» Exercise: Only the lines from the line that contains "It is half the" through the final line of the entries below belong in your answer, copied exactly and without pictures.

Stored data
Segment Open
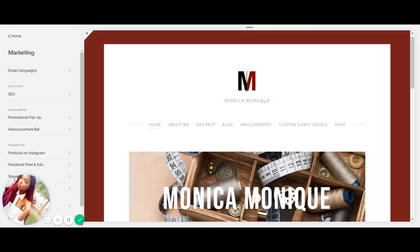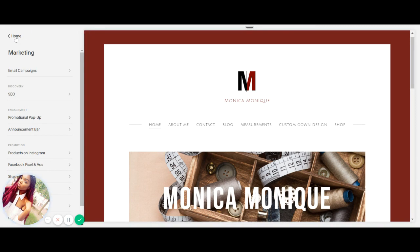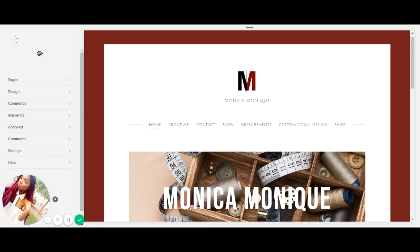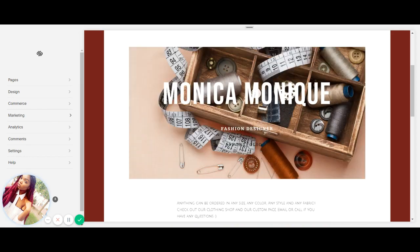Hey guys, so today I'm going to go over how to create a promotional pop-up for your Squarespace website. Basically, that's the email capture pop-up that comes up on your page when you want somebody to click the subscribe button so that you can capture emails to market your products however you want.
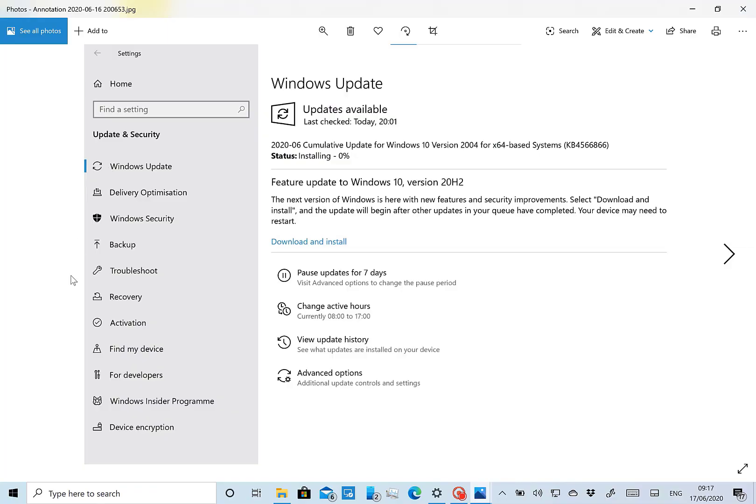you get prompted with an update screen like this. I captured this before I installed the build. Here you see feature update to Windows 10 version 20H2. That will be released in the second half of 2020, so it's probably going to be called the November 2020 update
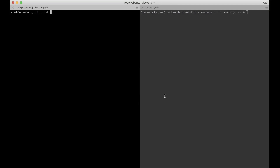Hi and welcome to the last part of this video series. Today we are going to deploy this project to a live server. I'm going to use Ubuntu 20.04. I have the server to the left here and the local environment to the right.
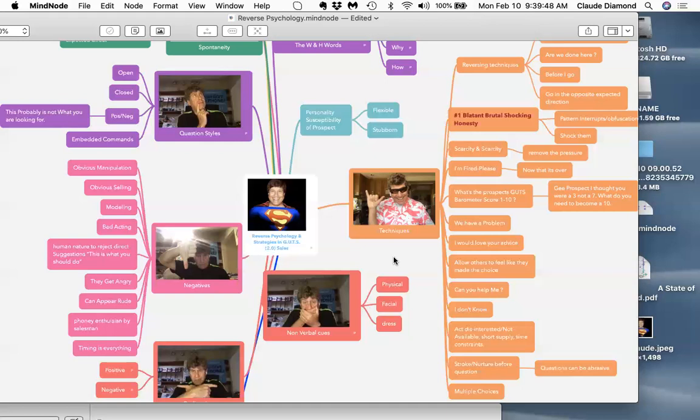This is a stealth technique. When we use reverse psychology, it cannot be perceived by the prospect. What happens to a prospect when they know you're trying to manipulate them? What happens to that sale?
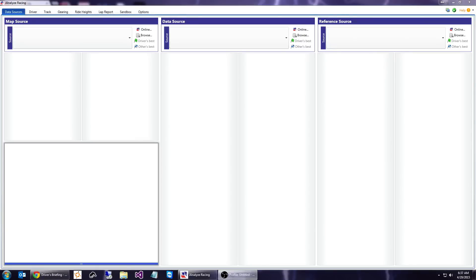Hi, this is Doug Girard, developer of iAnalyze Racing, and we're going to get started today with running your first session and collecting data for the first time with iAnalyze Racing.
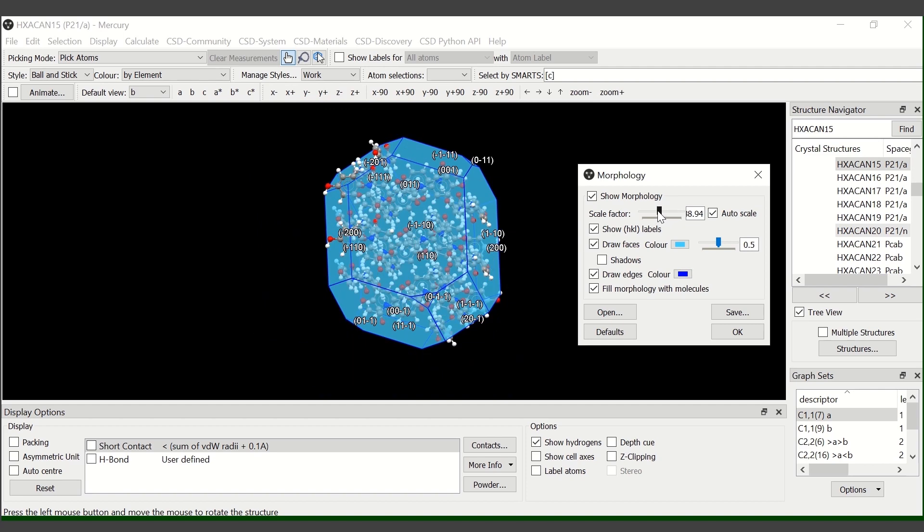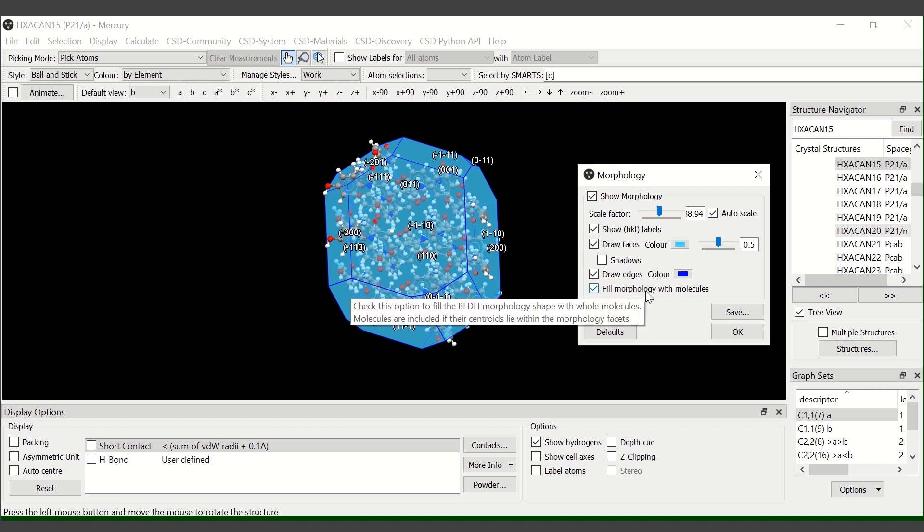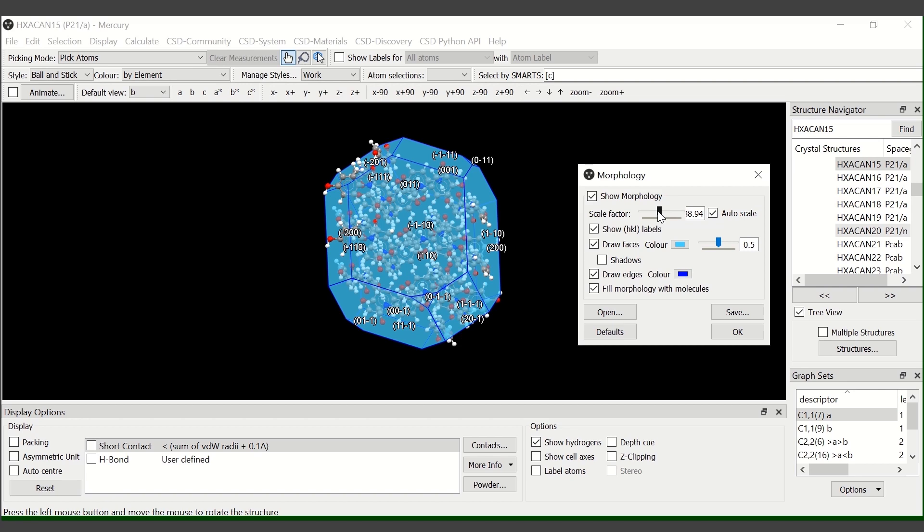We can see that if we have the fill morphology with molecules option on, it will automatically populate the crystal.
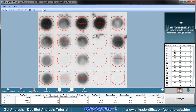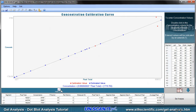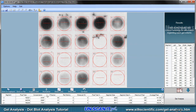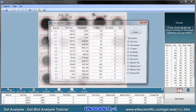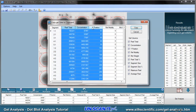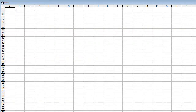You can use the results spreadsheet to create a concentration calibration curve using values from a standard. The analyzed data can be saved to a data file or copied to the clipboard, and then pasted into Excel or any other spreadsheet or data analysis program.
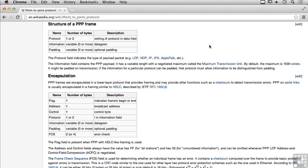Here I've got the Wikipedia article about the point-to-point protocol to show you the structure of a PPP frame. In this table, we've got a protocol field that's either one or two bytes, which identifies the protocol for the data field — specifically what's in the payload, such as LCP (link control protocol), IP, IPX, or AppleTalk. Then we've got the actual datagram or information, along with some optional padding.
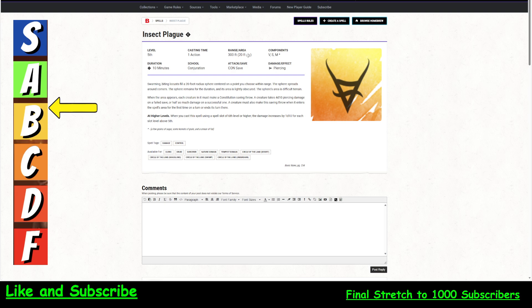Material component is worthless, so you don't have to worry about it. It is usable by clerics, druids, sorcerers, nature domain clerics, tempest domain clerics, circle of the land desert, grassland, swamp, and underdark druids. So it's a base spell for clerics and druids and sorcerers. So bards, warlocks, and wizards are out.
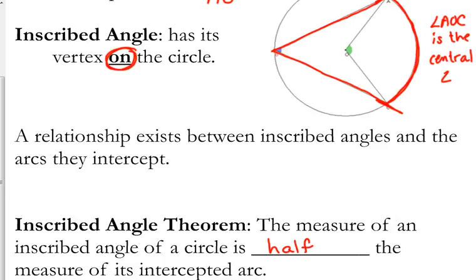It is half the measure of its intercepted arc. Central angle equals arc — same. Inscribed is half. It is smaller, it is less, but it is exactly half. I kept the arc length and angle the same across examples, just put it in different places, to show they don't always look like the Pac-Man shape. Sometimes they are in tricky positions, but that relationship still exists: the inscribed angle is always half the measure of the intercepted arc.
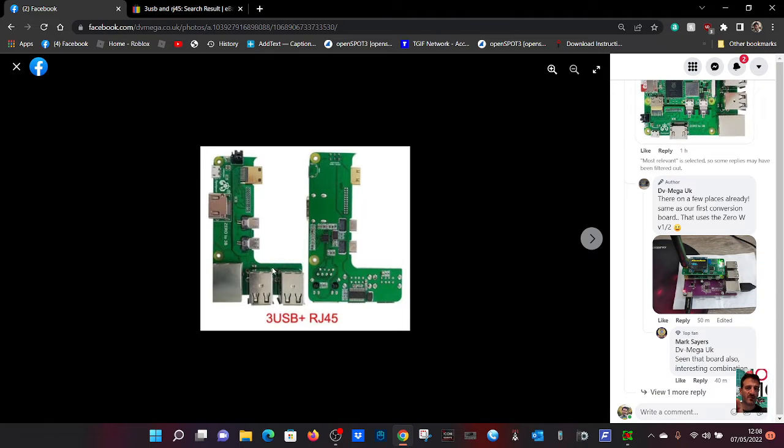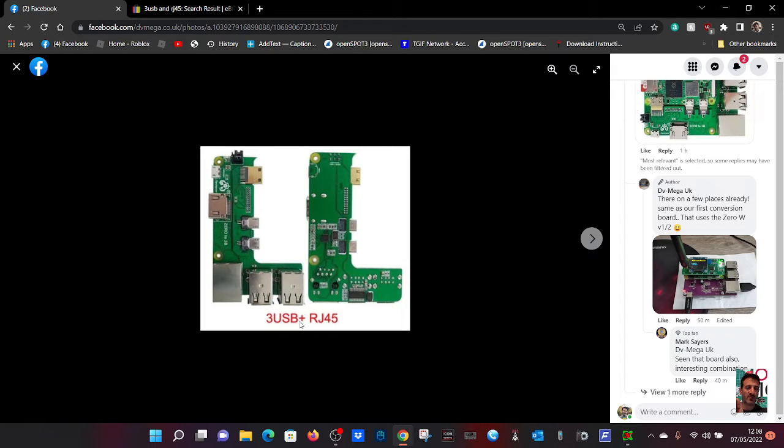You can add this to your Pi Zero and it makes your Pi Zero a Pi 3B with all the USB ports, Ethernet, normal HDMI.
Segment Closed
» Answer box:
It is half the measure of its intercepted arc. Central angle equals arc — same. Inscribed is half. It is smaller, it is less, but it is exactly half. I kept the arc length and angle the same across examples, just put it in different places, to show they don't always look like the Pac-Man shape. Sometimes they are in tricky positions, but that relationship still exists: the inscribed angle is always half the measure of the intercepted arc.
You can add this to your Pi Zero and it makes your Pi Zero a Pi 3B with all the USB ports, Ethernet, normal HDMI.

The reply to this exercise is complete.